Later it became available on cable and satellite and the internet. To keep costs low, it used content and staff from the Manchester Evening News, owned by GMG.
At its peak, the channel was producing live news broadcasts five days a week at 5pm and 9pm, as well as a live three-hour breakfast show, incorporating music, sport and entertainment.
Now, most of its original production is to be stopped, after GMG failed to find a buyer for it when it sold the Manchester Evening News and its other regional newspapers to Trinity Mirror.
The station will remain broadcasting, showing mainly archive material, network news and traffic, but 29 of the 33 staff are likely to lose their jobs.
Many saw the Manchester station as a model for the government's new breed of Independently Funded News Consortia (IFNCs), designed to make regional news bulletins for ITV1.
The door was opened after Michael Grade, ITV's executive chairman, said it could no longer afford to provide them.
But the Department for Culture Media and Sport chose three other areas for its pilot IFNC projects - the north-east of England, Scotland and Wales.
While the Digital Economy Bill, giving legal backing to the IFNCs, goes through Parliament, industry experts are sifting bids involving ITN, the Press Association, several regional newspaper groups and other production companies.
An announcement of the winning bids is expected later this month.
But the Conservatives have warned the bidders they will scrap the IFNCs if they come to power.
Jeremy Hunt, the shadow culture secretary, said: "Propping up regional news simply casts a failed regional TV model in aspic and would actively prevent the emergence of new, local media models."
Instead, Mr Hunt wants to create about 80 local multi-media companies, each producing TV, radio, print and online services.
The Tories said Channel M lacked 'significant advertising revenue'
He takes his inspiration from city TV in the United States and Canada and points out that Birmingham, Alabama, has eight local TV stations, while Birmingham in the UK has none.
He said recently: "We want to see the emergence of a radically different, improved and forward-looking local media sector.
"Not just local TV, where we are about the only major developed country not to have proper city-based TV franchises, but profitable, hungry and ambitious local radio, local newspapers and local websites."
To achieve this, the Conservatives would scrap the cross-media ownership rules that prevent local media companies merging.
The plan was set out in a paper last summer by Roger Parry, former chairman of Johnston Press.
He proposed that Ofcom should advertise a single bundle of about 80 local TV licences, to be run by a "spectrum band manager", which would then allocate them to independent local consortia.
But the industry remains sceptical about city TV, more than two years after Mr Hunt first put forward his vision.

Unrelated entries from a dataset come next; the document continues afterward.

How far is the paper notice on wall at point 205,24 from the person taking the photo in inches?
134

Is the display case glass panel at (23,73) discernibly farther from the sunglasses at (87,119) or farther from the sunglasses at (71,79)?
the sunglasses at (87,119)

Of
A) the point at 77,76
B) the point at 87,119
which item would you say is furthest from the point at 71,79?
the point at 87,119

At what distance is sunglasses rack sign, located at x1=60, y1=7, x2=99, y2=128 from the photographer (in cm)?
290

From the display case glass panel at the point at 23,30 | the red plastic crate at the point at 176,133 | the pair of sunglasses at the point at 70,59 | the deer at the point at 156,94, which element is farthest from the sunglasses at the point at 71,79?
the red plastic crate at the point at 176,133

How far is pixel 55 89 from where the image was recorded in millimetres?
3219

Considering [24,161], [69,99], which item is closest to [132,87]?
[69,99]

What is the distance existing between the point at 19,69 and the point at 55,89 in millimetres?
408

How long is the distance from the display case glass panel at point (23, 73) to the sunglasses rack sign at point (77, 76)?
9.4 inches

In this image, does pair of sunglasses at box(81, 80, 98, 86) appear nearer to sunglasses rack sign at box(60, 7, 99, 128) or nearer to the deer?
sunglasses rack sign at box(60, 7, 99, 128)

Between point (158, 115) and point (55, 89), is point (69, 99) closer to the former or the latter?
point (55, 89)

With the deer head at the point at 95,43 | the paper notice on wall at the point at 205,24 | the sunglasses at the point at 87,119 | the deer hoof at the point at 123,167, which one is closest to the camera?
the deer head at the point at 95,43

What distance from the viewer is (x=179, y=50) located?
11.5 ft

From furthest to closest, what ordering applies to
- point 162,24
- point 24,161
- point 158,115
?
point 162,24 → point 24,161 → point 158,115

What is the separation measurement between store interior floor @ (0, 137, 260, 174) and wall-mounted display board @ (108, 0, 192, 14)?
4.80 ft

At a recent event, several experienced TV executives and financiers reminded him that Channel One, the London cable TV service run by Associated Newspapers, lost £25m before being closed - and that Channel M in Manchester was also loss-making.

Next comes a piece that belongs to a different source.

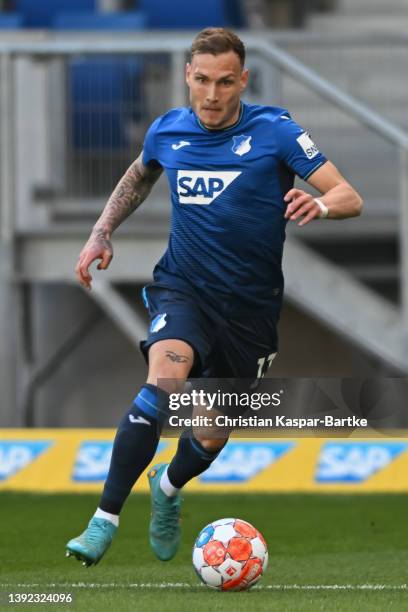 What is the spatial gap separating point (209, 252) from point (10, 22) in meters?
9.16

This fact was acknowledged in the Conservative blueprint, which has a three-page annexe devoted to Channel M.
It said the channel had "a good audience share and has won many awards but, lacking significant classified advertising revenue and without shared network programmes, it is loss-making."
That could be changed, the paper suggested, if Channel M were part of a national network of local stations, which would allow syndication of content and access to national advertising budgets.

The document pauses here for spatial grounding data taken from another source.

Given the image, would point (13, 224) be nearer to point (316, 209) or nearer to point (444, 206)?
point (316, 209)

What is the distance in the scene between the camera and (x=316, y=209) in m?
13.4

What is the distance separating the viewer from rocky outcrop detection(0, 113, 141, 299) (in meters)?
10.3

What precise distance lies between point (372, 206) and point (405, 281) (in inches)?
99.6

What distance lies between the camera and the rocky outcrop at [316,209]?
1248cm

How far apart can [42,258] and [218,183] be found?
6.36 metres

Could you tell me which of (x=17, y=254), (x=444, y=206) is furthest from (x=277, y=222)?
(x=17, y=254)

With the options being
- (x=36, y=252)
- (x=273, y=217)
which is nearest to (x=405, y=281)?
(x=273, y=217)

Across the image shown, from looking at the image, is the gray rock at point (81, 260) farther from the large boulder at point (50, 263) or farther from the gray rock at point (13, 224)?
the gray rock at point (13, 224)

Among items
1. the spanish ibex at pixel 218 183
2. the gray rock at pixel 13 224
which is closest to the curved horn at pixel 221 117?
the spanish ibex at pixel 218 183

So why is Channel M cutting back just as the two biggest political parties see its model as a way forward for local media?
In a statement, GMG said the station was no longer sustainable in its current form.
It cited "the absence of a committed buyer, the loss of access to news from MEN Media, and the costs associated with the requirement to leave its current building".
Trinity Mirror declined to buy Channel M when it acquired MEN Media, despite its involvement in the government's IFNC bids. GMG's chief executive Carolyn McCall said she was "surprised Trinity Mirror didn't see it as a strategic fit".
Would it have made any difference if the north-west of England - rather than the north-east - had been chosen as one of the IFNC pilots? Or would that simply have delayed a reality-check that has implications for the whole industry?